→ **Exercise prompt**: Restate word for word the lines of the entries below, starting with the line that holds "Neris   Philadelphia Phillies Baseball" and ending with the line that holds "Card TMH1A simple Xclusive Collectibles", and no others.

→ **Material for this task**:
◇ ◇ ◇ ◇ ◇ ◇ ◇

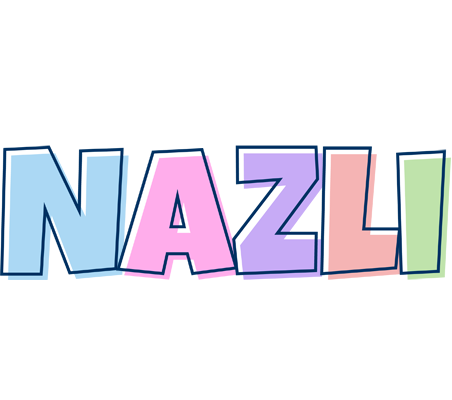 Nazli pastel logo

◇ ◇ ◇ ◇ ◇ ◇ ◇

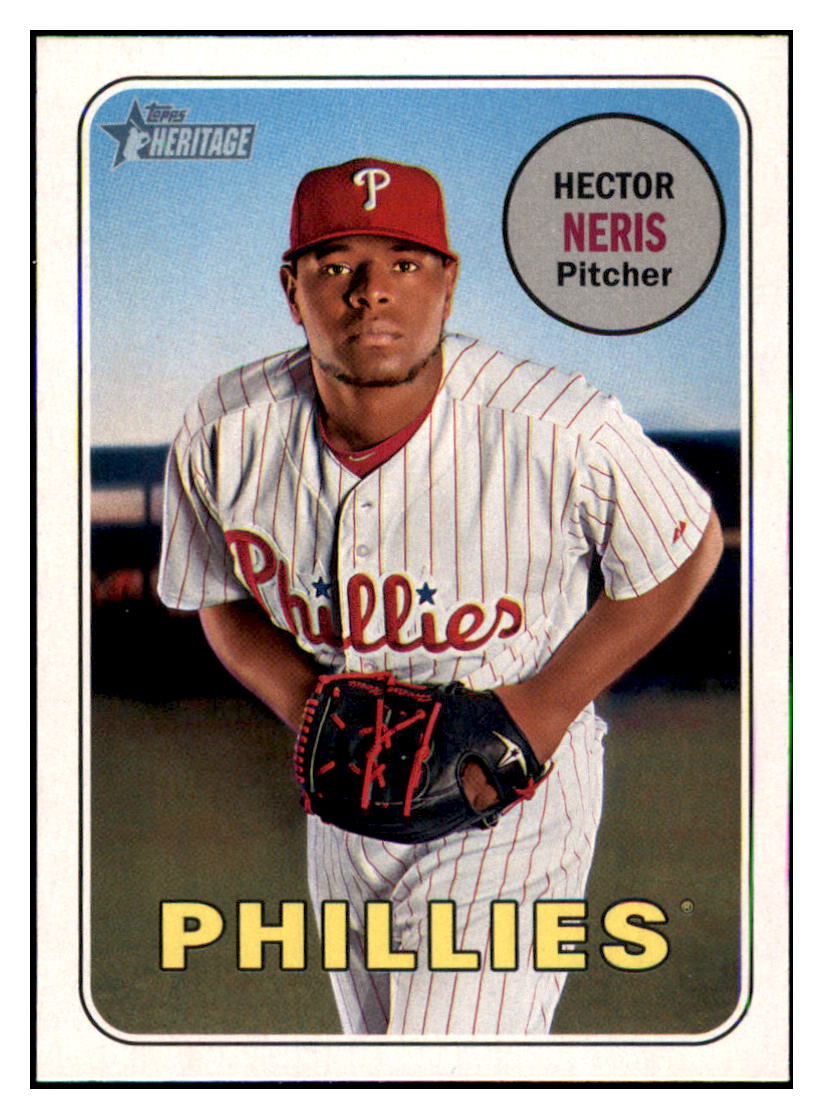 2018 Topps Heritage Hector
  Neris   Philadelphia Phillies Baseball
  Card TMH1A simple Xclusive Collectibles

◇ ◇ ◇ ◇ ◇ ◇ ◇

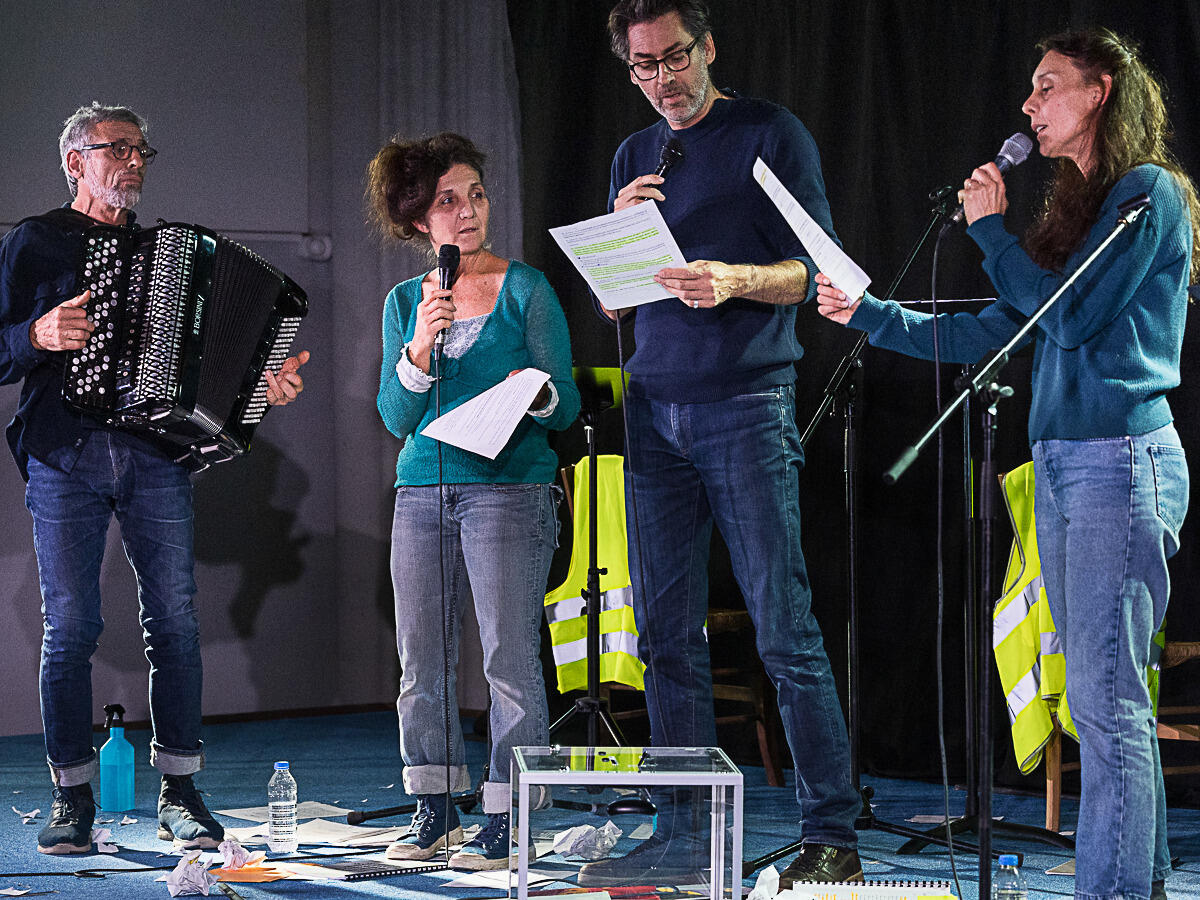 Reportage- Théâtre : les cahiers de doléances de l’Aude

◇ ◇ ◇ ◇ ◇ ◇ ◇

→ **The completed task**:
  Neris   Philadelphia Phillies Baseball
  Card TMH1A simple Xclusive Collectibles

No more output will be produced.